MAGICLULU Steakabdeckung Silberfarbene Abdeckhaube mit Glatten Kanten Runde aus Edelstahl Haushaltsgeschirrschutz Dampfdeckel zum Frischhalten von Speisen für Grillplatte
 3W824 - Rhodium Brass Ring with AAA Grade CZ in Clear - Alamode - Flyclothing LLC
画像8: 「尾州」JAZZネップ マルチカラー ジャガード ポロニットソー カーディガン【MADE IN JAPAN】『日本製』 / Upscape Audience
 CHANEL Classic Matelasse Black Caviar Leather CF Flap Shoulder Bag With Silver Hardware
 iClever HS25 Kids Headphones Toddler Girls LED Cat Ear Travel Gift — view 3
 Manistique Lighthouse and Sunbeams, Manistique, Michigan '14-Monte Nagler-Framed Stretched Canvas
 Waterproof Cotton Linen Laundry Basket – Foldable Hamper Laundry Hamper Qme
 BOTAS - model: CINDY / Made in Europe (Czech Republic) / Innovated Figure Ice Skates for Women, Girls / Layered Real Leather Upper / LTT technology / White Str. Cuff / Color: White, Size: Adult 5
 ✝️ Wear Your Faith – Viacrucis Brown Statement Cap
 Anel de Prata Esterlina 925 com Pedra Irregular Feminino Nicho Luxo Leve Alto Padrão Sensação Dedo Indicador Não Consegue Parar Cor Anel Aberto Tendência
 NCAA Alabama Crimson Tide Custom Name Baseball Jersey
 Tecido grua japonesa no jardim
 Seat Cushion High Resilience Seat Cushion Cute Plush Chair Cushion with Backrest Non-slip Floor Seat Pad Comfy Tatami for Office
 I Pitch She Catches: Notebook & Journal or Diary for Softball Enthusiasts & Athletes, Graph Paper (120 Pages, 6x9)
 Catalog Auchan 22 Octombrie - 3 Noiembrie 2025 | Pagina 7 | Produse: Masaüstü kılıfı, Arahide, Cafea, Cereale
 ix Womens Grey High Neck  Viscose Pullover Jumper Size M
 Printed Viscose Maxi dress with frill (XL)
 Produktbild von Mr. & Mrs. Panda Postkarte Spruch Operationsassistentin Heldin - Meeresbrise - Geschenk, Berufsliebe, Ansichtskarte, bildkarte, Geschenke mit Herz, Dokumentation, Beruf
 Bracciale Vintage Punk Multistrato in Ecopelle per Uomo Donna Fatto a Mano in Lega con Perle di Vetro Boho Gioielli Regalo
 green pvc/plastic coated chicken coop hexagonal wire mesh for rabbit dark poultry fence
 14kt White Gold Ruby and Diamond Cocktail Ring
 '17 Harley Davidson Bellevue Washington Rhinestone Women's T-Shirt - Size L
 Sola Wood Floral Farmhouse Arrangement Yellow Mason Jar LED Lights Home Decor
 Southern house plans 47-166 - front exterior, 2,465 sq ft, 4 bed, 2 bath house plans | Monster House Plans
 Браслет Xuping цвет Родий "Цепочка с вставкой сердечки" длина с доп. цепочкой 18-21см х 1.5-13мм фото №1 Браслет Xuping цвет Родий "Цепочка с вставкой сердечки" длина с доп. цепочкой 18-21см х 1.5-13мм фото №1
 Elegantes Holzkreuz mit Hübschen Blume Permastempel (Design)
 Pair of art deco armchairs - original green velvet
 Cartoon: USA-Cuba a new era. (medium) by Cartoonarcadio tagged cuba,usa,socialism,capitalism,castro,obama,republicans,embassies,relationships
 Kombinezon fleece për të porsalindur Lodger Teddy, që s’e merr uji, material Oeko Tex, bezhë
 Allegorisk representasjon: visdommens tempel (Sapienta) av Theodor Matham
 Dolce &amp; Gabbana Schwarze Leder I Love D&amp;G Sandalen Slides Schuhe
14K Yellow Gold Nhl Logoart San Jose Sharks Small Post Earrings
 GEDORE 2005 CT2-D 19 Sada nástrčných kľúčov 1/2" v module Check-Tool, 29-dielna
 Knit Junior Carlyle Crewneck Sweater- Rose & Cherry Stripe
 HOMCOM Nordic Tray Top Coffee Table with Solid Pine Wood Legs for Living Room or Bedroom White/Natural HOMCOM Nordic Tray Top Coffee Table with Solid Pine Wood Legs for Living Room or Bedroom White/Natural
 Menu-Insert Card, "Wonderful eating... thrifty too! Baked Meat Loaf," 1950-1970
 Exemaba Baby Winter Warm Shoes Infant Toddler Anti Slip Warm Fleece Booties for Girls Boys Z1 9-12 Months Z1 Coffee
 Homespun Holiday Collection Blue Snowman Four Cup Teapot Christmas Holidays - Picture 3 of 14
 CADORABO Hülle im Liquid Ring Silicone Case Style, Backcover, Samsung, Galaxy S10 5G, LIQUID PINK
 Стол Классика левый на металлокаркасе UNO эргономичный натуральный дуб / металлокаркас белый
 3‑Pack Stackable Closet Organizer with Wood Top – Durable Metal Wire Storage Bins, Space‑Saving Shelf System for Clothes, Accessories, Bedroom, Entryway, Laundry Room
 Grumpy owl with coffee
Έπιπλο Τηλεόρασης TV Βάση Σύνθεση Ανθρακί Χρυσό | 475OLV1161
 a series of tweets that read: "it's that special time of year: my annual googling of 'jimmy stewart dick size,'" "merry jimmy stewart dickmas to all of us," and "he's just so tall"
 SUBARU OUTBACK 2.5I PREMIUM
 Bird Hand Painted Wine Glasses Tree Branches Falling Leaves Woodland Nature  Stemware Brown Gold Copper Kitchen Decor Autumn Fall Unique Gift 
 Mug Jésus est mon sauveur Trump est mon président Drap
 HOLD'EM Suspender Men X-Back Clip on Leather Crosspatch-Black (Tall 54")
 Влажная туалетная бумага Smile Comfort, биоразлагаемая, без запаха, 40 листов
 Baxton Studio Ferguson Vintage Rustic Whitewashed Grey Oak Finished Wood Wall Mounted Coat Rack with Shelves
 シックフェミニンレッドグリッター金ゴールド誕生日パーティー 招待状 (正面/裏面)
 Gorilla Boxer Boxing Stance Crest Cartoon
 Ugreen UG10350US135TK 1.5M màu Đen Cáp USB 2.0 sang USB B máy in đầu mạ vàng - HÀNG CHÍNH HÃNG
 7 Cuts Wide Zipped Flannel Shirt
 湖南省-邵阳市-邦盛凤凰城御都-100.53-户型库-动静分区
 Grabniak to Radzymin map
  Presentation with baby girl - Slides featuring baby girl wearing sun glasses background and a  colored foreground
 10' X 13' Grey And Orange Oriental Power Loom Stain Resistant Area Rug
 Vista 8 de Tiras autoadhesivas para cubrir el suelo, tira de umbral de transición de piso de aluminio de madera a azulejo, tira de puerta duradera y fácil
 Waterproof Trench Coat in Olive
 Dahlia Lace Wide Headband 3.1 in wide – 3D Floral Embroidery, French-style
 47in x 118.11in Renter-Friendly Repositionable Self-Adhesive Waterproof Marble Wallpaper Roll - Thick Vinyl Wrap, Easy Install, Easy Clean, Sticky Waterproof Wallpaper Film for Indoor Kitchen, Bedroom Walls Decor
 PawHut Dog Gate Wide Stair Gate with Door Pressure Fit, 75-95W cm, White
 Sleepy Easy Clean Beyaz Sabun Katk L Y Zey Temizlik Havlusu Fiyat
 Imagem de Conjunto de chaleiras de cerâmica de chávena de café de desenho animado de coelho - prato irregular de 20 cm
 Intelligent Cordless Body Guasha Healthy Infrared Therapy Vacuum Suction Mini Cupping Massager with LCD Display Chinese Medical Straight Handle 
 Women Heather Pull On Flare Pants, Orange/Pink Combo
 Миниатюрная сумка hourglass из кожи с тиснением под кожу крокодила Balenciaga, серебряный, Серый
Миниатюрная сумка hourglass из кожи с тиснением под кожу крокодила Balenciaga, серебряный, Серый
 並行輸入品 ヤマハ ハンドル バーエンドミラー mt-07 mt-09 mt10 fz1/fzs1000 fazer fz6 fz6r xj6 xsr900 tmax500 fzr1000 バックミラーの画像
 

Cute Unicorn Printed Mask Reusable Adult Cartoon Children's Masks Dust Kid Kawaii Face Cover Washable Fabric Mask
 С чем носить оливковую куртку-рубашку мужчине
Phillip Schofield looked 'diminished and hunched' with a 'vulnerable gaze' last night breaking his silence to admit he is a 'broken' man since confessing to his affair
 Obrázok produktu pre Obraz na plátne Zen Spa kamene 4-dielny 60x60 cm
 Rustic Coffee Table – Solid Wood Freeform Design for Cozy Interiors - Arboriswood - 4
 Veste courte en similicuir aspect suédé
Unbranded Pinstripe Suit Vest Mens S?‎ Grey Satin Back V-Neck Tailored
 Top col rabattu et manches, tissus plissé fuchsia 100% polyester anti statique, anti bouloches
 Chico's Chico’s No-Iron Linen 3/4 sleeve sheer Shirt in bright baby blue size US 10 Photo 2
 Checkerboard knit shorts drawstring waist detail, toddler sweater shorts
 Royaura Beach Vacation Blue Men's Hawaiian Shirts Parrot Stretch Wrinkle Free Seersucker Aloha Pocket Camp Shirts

____________________

When the word "кожи" shows up in a line of the entries, pull that line out.

 Миниатюрная сумка hourglass из кожи с тиснением под кожу крокодила Balenciaga, серебряный, Серый
Миниатюрная сумка hourglass из кожи с тиснением под кожу крокодила Balenciaga, серебряный, Серый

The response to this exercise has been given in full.